DIRECTIONS FOR THIS TASK: Could you copy out all of the records below exactly, leaving out every picture?

RECORDS SUPPLIED:
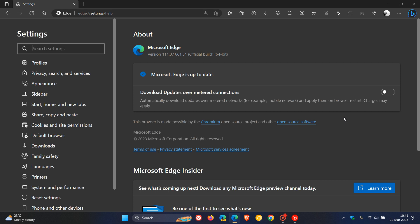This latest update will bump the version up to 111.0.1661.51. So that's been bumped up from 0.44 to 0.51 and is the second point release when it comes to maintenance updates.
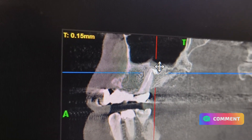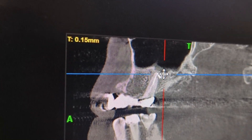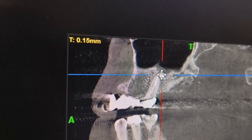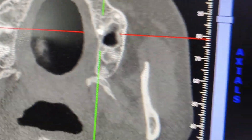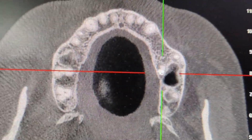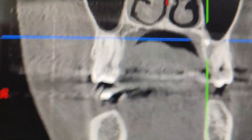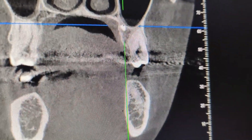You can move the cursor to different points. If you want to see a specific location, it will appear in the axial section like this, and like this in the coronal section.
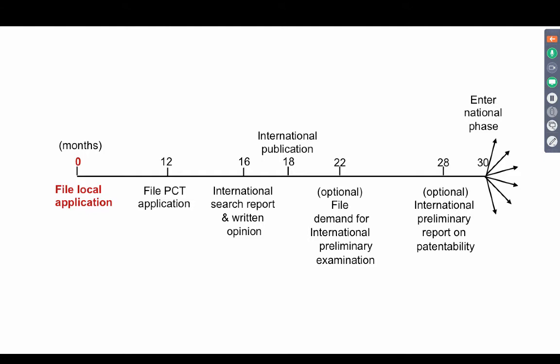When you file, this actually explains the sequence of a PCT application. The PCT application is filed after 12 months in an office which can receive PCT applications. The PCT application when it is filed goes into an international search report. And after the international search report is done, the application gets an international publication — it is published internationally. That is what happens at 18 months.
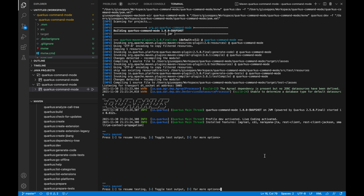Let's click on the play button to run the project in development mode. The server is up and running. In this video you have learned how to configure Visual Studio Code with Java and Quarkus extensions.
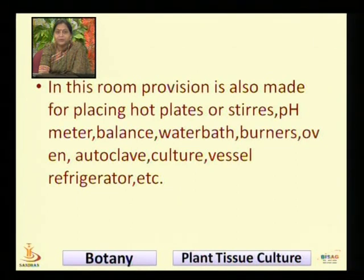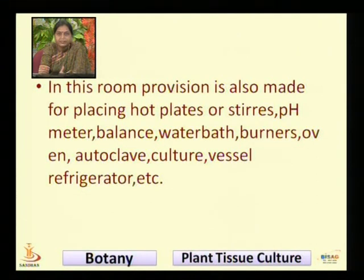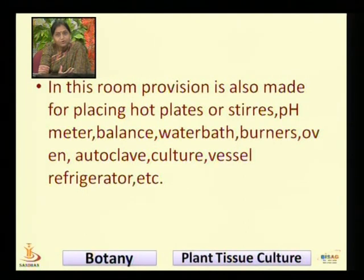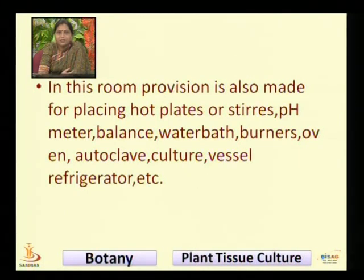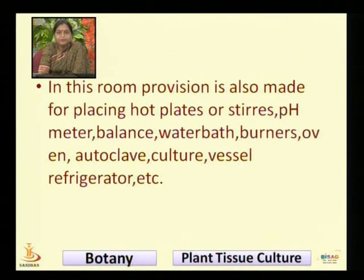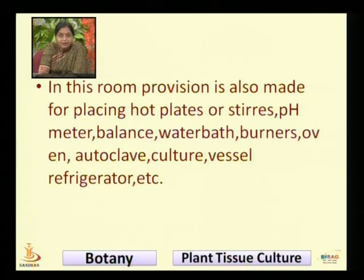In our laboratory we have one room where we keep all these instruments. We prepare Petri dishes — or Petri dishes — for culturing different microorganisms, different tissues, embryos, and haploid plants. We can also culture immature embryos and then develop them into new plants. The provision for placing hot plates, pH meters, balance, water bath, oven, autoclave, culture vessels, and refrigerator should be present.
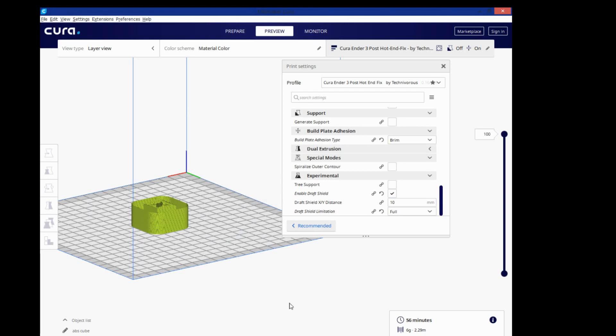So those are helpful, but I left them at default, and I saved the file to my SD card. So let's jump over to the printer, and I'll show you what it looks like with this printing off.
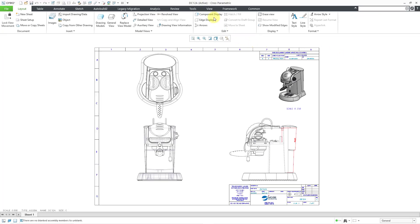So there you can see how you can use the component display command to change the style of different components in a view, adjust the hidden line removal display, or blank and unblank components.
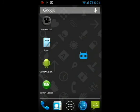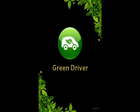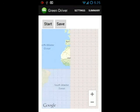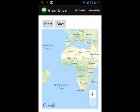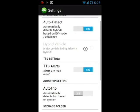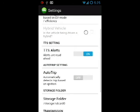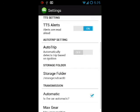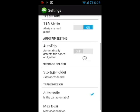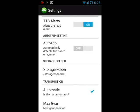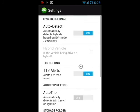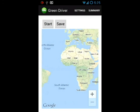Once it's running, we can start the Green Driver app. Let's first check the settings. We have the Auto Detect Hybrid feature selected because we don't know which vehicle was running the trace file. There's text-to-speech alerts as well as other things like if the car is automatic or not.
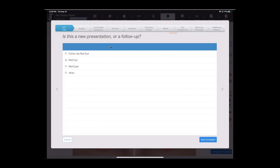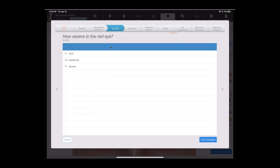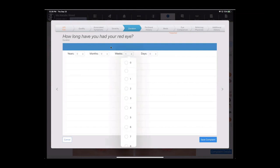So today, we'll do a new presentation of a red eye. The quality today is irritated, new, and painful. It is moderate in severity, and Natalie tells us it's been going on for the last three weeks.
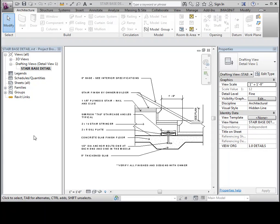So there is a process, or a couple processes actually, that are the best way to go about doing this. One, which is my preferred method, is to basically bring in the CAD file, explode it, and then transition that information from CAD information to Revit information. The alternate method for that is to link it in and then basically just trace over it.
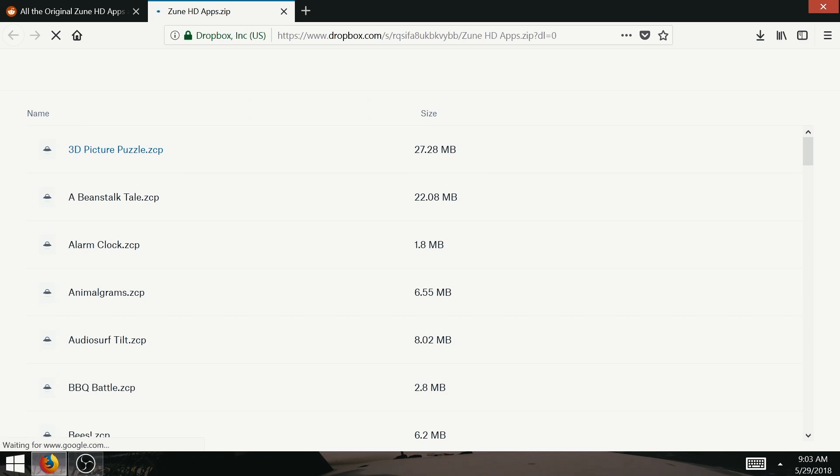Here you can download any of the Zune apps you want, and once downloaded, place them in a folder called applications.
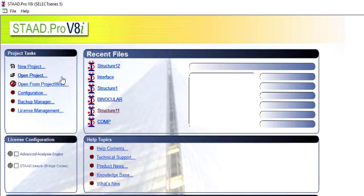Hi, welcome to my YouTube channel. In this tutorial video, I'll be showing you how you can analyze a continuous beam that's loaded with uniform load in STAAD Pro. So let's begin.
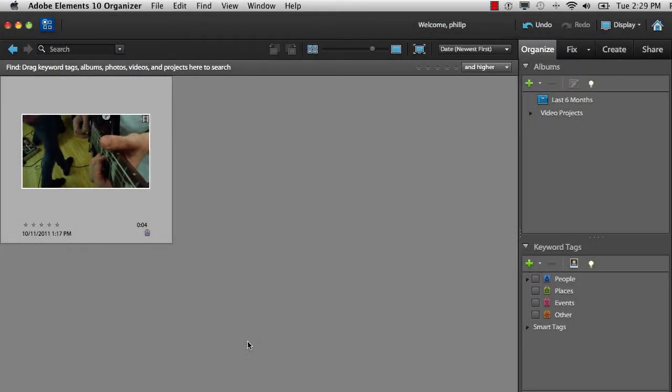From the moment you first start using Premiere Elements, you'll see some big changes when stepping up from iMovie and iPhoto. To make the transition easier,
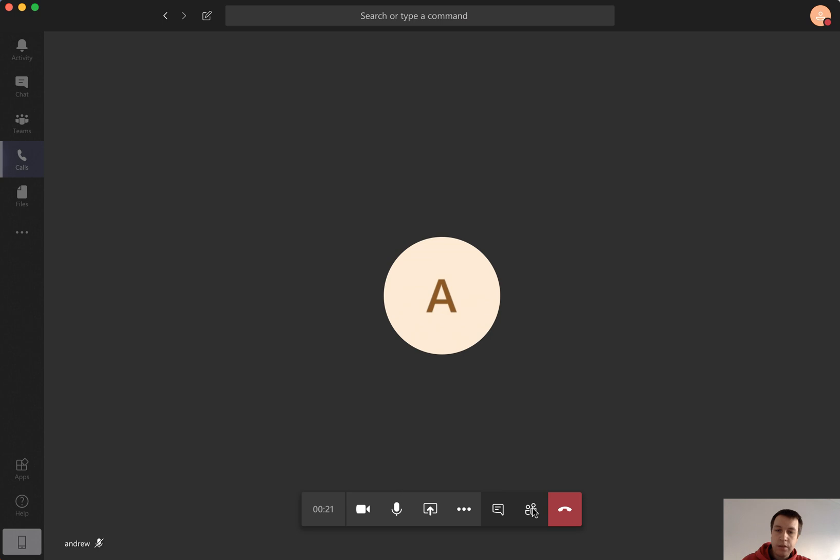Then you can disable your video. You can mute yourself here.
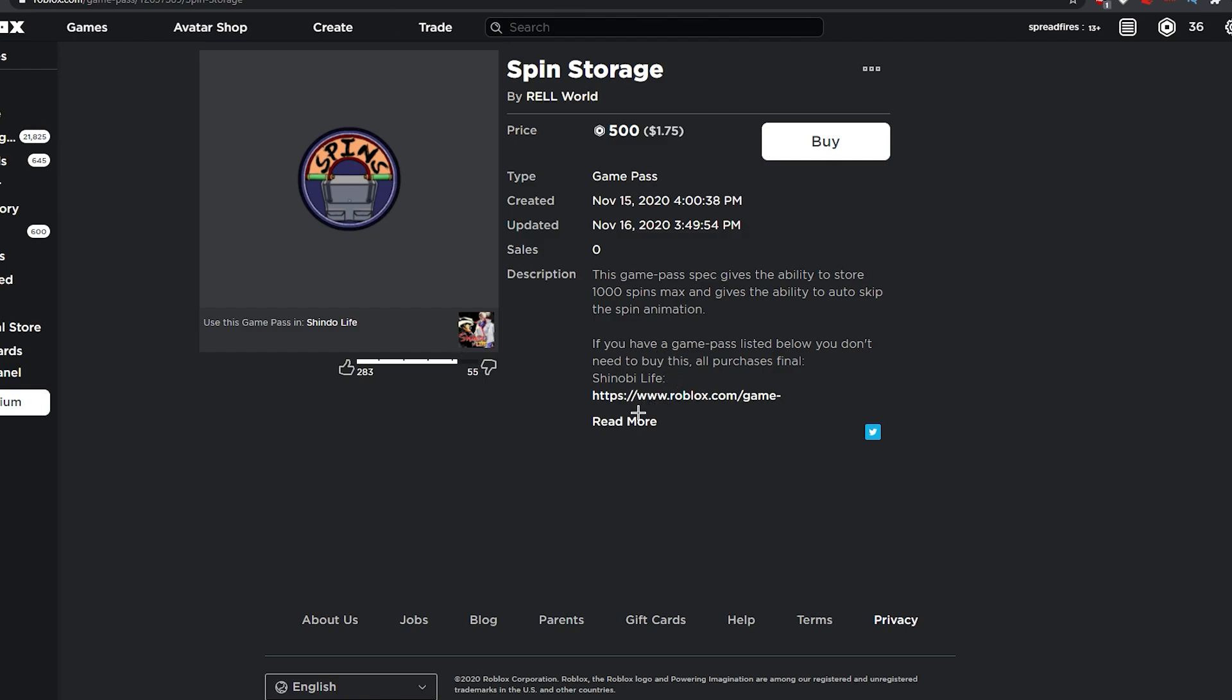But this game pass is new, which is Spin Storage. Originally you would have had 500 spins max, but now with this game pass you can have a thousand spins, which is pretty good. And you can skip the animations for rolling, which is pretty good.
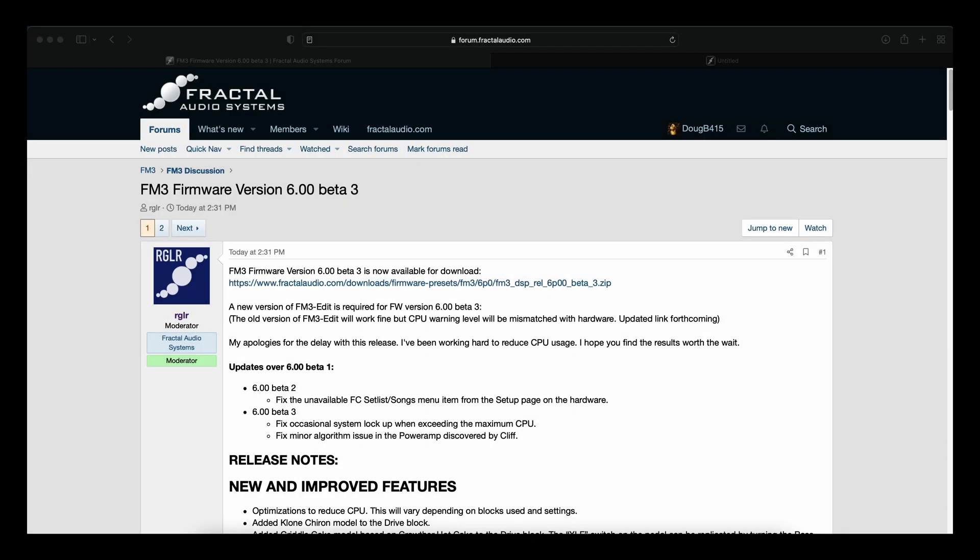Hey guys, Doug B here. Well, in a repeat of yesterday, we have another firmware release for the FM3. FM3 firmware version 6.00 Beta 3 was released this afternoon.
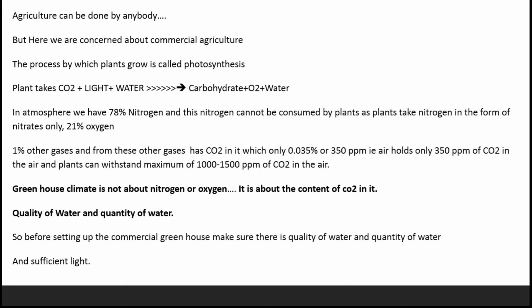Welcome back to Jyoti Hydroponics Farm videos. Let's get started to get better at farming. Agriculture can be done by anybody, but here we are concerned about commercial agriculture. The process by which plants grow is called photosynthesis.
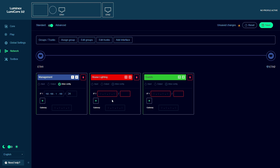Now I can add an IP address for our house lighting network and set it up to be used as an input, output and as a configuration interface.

EXPECTED OUTPUT:
This latest update will bump the version up to 111.0.1661.51. So that's been bumped up from 0.44 to 0.51 and is the second point release when it comes to maintenance updates.
You can move the cursor to different points. If you want to see a specific location, it will appear in the axial section like this, and like this in the coronal section.
When you file, this actually explains the sequence of a PCT application. The PCT application is filed after 12 months in an office which can receive PCT applications. The PCT application when it is filed goes into an international search report. And after the international search report is done, the application gets an international publication — it is published internationally. That is what happens at 18 months.
Let's click on the play button to run the project in development mode. The server is up and running. In this video you have learned how to configure Visual Studio Code with Java and Quarkus extensions.
In our laboratory we have one room where we keep all these instruments. We prepare Petri dishes — or Petri dishes — for culturing different microorganisms, different tissues, embryos, and haploid plants. We can also culture immature embryos and then develop them into new plants. The provision for placing hot plates, pH meters, balance, water bath, oven, autoclave, culture vessels, and refrigerator should be present.
So those are helpful, but I left them at default, and I saved the file to my SD card. So let's jump over to the printer, and I'll show you what it looks like with this printing off.
So there you can see how you can use the component display command to change the style of different components in a view, adjust the hidden line removal display, or blank and unblank components.
Once it's running, we can start the Green Driver app. Let's first check the settings. We have the Auto Detect Hybrid feature selected because we don't know which vehicle was running the trace file. There's text-to-speech alerts as well as other things like if the car is automatic or not.
So today, we'll do a new presentation of a red eye. The quality today is irritated, new, and painful. It is moderate in severity, and Natalie tells us it's been going on for the last three weeks.
So there is a process, or a couple processes actually, that are the best way to go about doing this. One, which is my preferred method, is to basically bring in the CAD file, explode it, and then transition that information from CAD information to Revit information. The alternate method for that is to link it in and then basically just trace over it.
Here you can download any of the Zune apps you want, and once downloaded, place them in a folder called applications.
Hi, welcome to my YouTube channel. In this tutorial video, I'll be showing you how you can analyze a continuous beam that's loaded with uniform load in STAAD Pro. So let's begin.
From the moment you first start using Premiere Elements, you'll see some big changes when stepping up from iMovie and iPhoto. To make the transition easier,
Then you can disable your video. You can mute yourself here.
But this game pass is new, which is Spin Storage. Originally you would have had 500 spins max, but now with this game pass you can have a thousand spins, which is pretty good. And you can skip the animations for rolling, which is pretty good.
Hey guys, Doug B here. Well, in a repeat of yesterday, we have another firmware release for the FM3. FM3 firmware version 6.00 Beta 3 was released this afternoon.
Welcome back to Jyoti Hydroponics Farm videos. Let's get started to get better at farming. Agriculture can be done by anybody, but here we are concerned about commercial agriculture. The process by which plants grow is called photosynthesis.
Now I can add an IP address for our house lighting network and set it up to be used as an input, output and as a configuration interface.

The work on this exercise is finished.